Every intermediate with a reactive haloarylpyridine structure requires respect for hazardous material rules. Training on material handling, spill containment, and engineering controls sits at the root of our daily operation. We regularly review MSDS and regulatory needs—not simply to pass inspection—but because our own operators rely on the right gear and the right protocols to leave work as healthy as they arrived. Adoption of automatic sampling equipment and regular air monitoring help maintain a clean, safe line.
Markets across Europe and North America increasingly demand evidence of process safety, right down to documentation for upstream wastes, greenhouse gas output, and cradle-to-grave lifecycle tracking. Years ago, a few cut corners on solvent reclamation might slip by—no longer. Stronger waste reduction strategies are in place, and our own investments in distillation and catalytic waste treatment save real money while preserving our neighbors’ and workers’ health. Regulators sometimes get painted as a burden, but meeting their guidelines protects everyone’s long-term interests.
Process improvement isn’t a one-time job. After shipping dozens of metric tons for clients in different fields, we keep asking where things could go wrong or where tweaks can bring value. For years, our esterification step produced minor by-products—minuscule, but enough to trouble R&D groups running sensitive assays. The scale-up project last year delivered a breakthrough; intensified mixing zones allowed for cleaner reaction profiles, easier purification, and tighter control of residence times.
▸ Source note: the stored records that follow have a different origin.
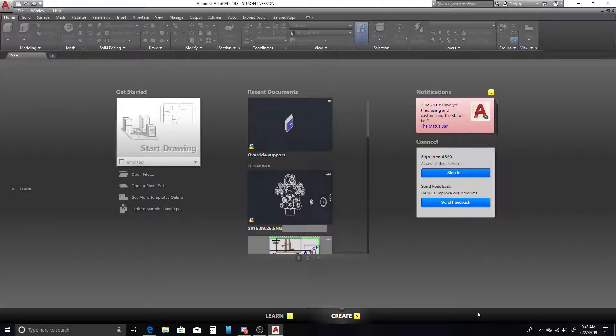Today I'm going to show you how to simply create three-dimensional text in AutoCAD. I'm using AutoCAD version 2018, but this method should work with previous versions as well as the new versions that are being released.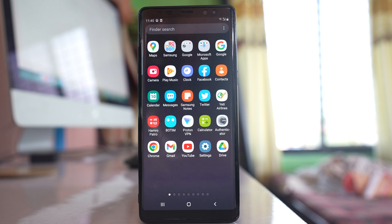If you are trying to move an application from the internal storage of your Samsung device to an SD card and you get the message 'not enough storage' although you have enough storage on the SD card, here is what to do. The first thing is to restart your phone, as restarting fixes many minor issues.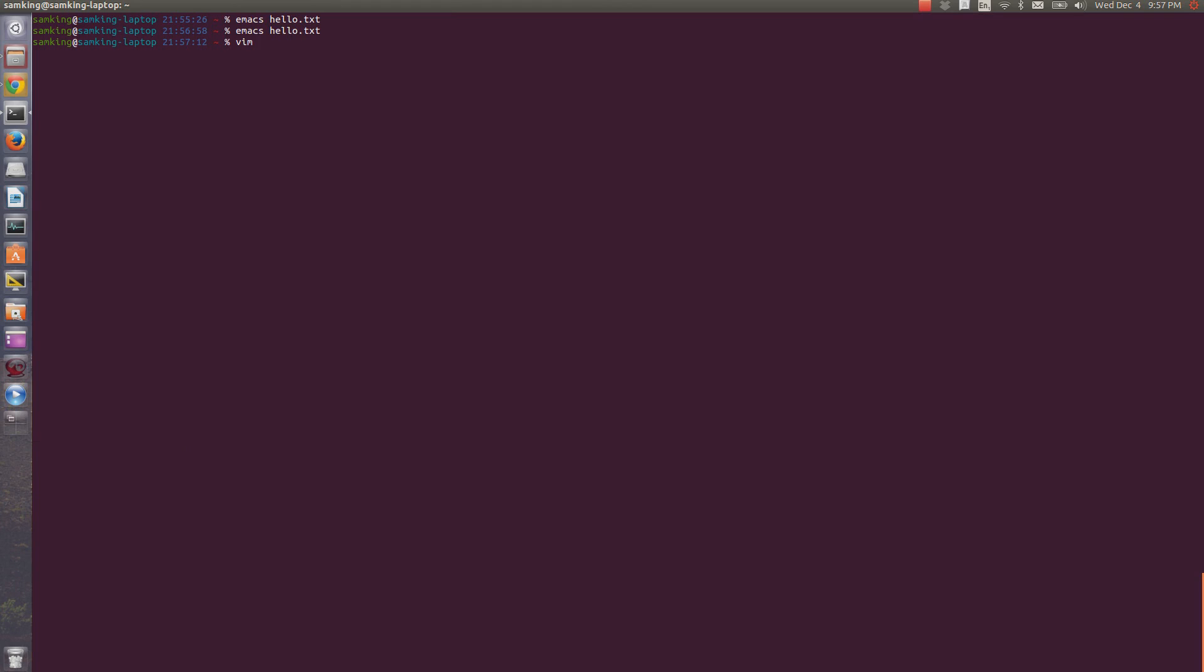To open a file in vim, type vim and give the path of the file you want to open. Like Emacs, if a file doesn't exist, it'll create a new file when you save it. If you want a GUI for vim, you can use gvim, which stands for graphical vim.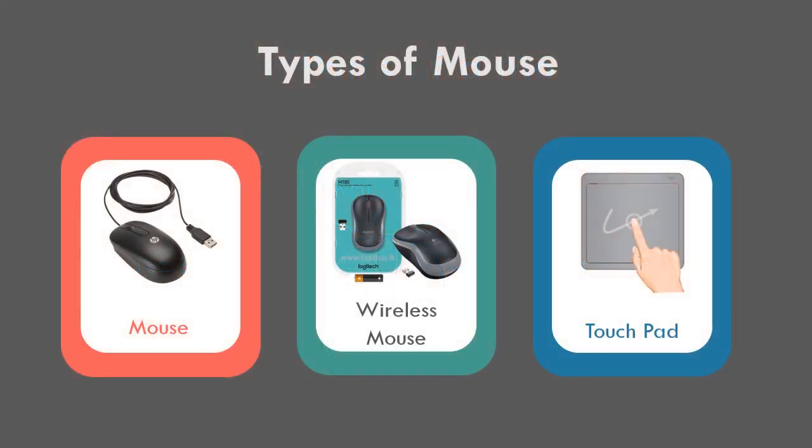Types of mouse. Let's identify several types of mouse that are in use: mouse, wireless mouse, and touchpad.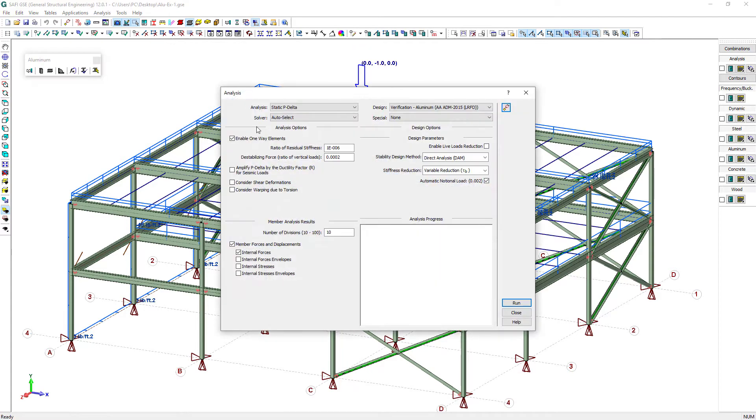As stated in the aluminum design manual, a P-delta analysis will be conducted using the direct analysis method for stability design.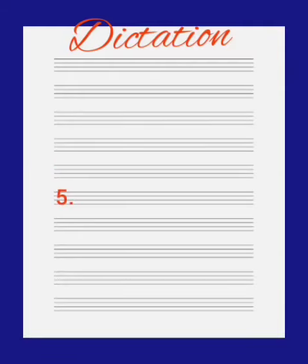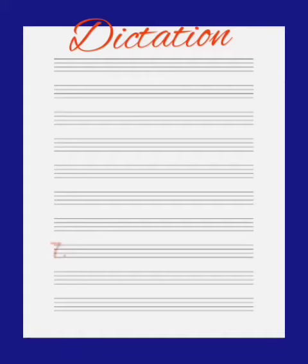Number 5 is jug, jug. Number 6 is kid, kid. Number 7 is cot, cot. Number 8 is mud, mud.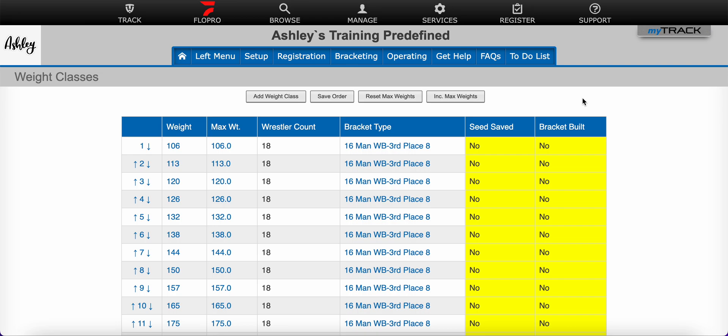Please note that prelims are only supported on non round-robin brackets. Prelim rounds are automatically added when you have more wrestlers in your tournament than can fit on the selected bracket type. For example, if you have a 16-man bracket but 18 wrestlers, a prelim will be created to determine which 16 wrestlers will be in the bracket.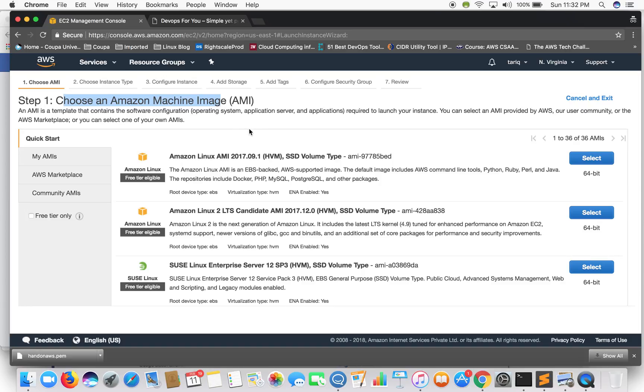So what is an Amazon machine image? Amazon machine image is nothing, it's just a pre-configured template of an operating system. We'll be discussing AMI in details in further videos but for now let's just select the first one.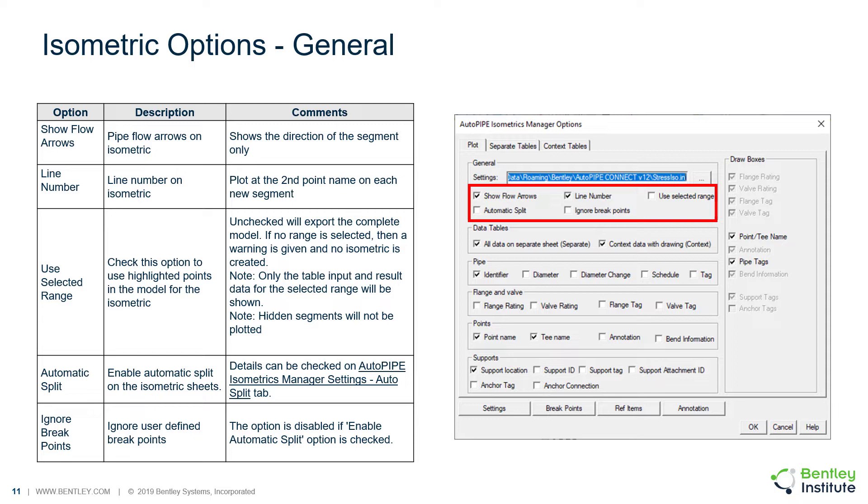You can automatically split your isometrics. We'll discuss details for this feature a bit later. And you can choose to ignore any user-defined breakpoints, which is disabled if the enable automatic split option is checked.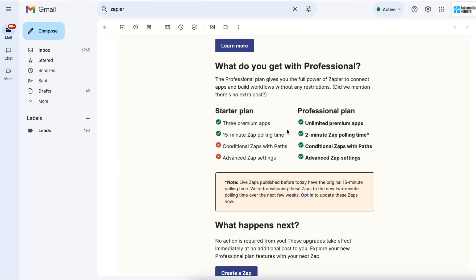You might have received an email in your inbox that looks something like this. You're currently on the starter plan — three premium apps, 15-minute Zap polling time. Now, instead, you get access to unlimited premium apps and that reduced two-minute Zap polling time, meaning you don't have to wait as long for your data to get there.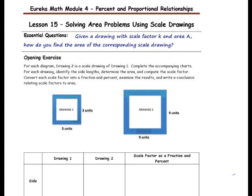Let's begin by labeling the drawings. We know that drawing 1 for the next three examples is going to be the original, and drawing 2 is going to be the scale drawing. That's important to label because when you use the percent equation, you need to know which is the original and which is the scale drawing.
Feedback from a long-term pharmaceutical partner challenged our specs further. They highlighted the impact of dissolved oxygen on batch stability—a factor tough to measure, but not impossible. That led us to tighten our deoxygenation at the reaction setup, pushing moisture and gas barrier envelopes. Outcomes speak louder than words: rejection rates fell, client satisfaction climbed, and our team saw real, measurable pride in the improvements.
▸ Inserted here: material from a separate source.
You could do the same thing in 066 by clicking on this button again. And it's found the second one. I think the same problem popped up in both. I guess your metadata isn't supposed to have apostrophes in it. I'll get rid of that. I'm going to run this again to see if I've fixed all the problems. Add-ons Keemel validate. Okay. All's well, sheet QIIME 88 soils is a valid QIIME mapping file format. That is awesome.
The shift to greener chemistry also finds its place during raw material selection. Our purchasing team works closely with supply chain partners—choosing only chlorine and pyridine sources documented for responsible production. We shifted away from single-use plastics in packaging, adapting higher-barrier drums and liners that cut long-range odor transmission and improve recyclability.
An intermediate like 2-pyridinecarboxylic acid, 6-chloro-, ethyl ester isn’t a headline-grabber, but it is a linchpin for innovation where cutting-edge compounds emerge. We see firsthand how tweaks at the molecular level open up fresh fields of biological activity, or let scientists answer questions previously out of reach. Reliable access to high-quality intermediates—clean, consistent, traceable—shapes the ability of our partners to pivot, push, and innovate. For us, every drum shipped carries with it the possibility that a new therapy, a better crop protection agent, or a breakthrough material takes another step closer to reality.
No single paragraph captures the journey from raw material to finished intermediate to the customer bench. Each process tweak and every QA checkpoint deepens both our technical knowledge and our on-the-ground experience. We hammer in the discipline of measured trust—between manufacturer and user—ensuring that the demands from research, regulatory, and production never outpace our capacity to deliver.